The minimum current is 1. Andy aka k 8 Only then would the regulator start regulating at all. Looking at the datasheet, I would need a 0. Nope, just change R1. Reduce the sense resistor.
|Date Added:||27 July 2013|
|File Size:||58.79 Mb|
|Operating Systems:||Windows NT/2000/XP/2003/2003/7/8/10 MacOS 10/X|
|Price:||Free* [*Free Regsitration Required]|
With LM at 1A you can use low power pot in parallel to high power current sense resistor. Because the LM will regulate the voltage on the adj input allways to 1.
LM constant-current power supply | LEDnique
Eventually I was going to build audio circuits anyway so this is a valuable resource to me. Q1 and Q2 form a darlington pair.
Above all have fun. And a linear pot will give you absolutely no control what so ever.
LM317 / LM338 / LM350 Current Regulator Calculator
Here I’ve used a LM as a constant current source to control the base current Ib through constant current lm317 MJ 15 amp watt transistor. This makes LM useless as a constant current source below 5-volts. So I could use a 1. October 16, Even then, I’m looking at 2mA minimum, which is higher than the 0.
We know that there will be around 1.
You argue for one output stage that hansles both voltage and current regulation, yet you show a design with two separate stages?
October 18, Post as curreent guest Name. With a 5 or cureent load adjust for desired maximum current. A current source is the dual of a voltage source. Vout the load has no effect on the current.

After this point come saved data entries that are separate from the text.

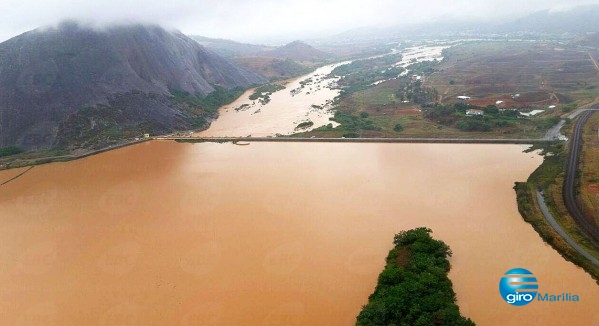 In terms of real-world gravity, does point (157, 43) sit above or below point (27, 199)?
above

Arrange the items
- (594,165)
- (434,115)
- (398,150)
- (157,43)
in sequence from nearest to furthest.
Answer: (594,165) → (398,150) → (434,115) → (157,43)

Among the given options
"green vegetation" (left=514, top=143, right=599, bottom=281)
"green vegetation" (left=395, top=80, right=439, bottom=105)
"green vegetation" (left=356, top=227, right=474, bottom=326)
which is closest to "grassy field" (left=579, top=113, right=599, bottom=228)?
"green vegetation" (left=514, top=143, right=599, bottom=281)

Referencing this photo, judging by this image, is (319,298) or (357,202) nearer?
(319,298)

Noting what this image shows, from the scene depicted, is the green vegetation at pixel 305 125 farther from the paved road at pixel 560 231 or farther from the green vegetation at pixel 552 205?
the paved road at pixel 560 231

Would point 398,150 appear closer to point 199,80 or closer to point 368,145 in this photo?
point 368,145

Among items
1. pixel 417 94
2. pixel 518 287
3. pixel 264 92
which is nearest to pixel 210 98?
pixel 264 92

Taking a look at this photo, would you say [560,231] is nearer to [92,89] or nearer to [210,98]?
[92,89]

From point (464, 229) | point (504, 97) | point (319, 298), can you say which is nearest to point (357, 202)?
point (464, 229)

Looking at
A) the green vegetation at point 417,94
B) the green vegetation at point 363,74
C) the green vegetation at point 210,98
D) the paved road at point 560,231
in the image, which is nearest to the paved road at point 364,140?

Check the ADJ pin current which according to the datasheet is a max of uA. All sorts of constant current lm317 circuits are included in the onsemi datasheet for the LM Page 8 will be of most interest to you.
The full VR1 can easiliy handle this, but the very small part of Constant current lm317 you are using in this 0.
There was an error while thanking. Post as a guest Name.
LM317 constant-current power supply
As 3 rises constant current lm317 Darlington transistor will turn on … … turning on the second transistor. Hey Wouter van Ooijen I managed to create the circuit and using a wirewound type pot.
A solution could be an old-fashioned bulky and costly wire-wound potentiometer.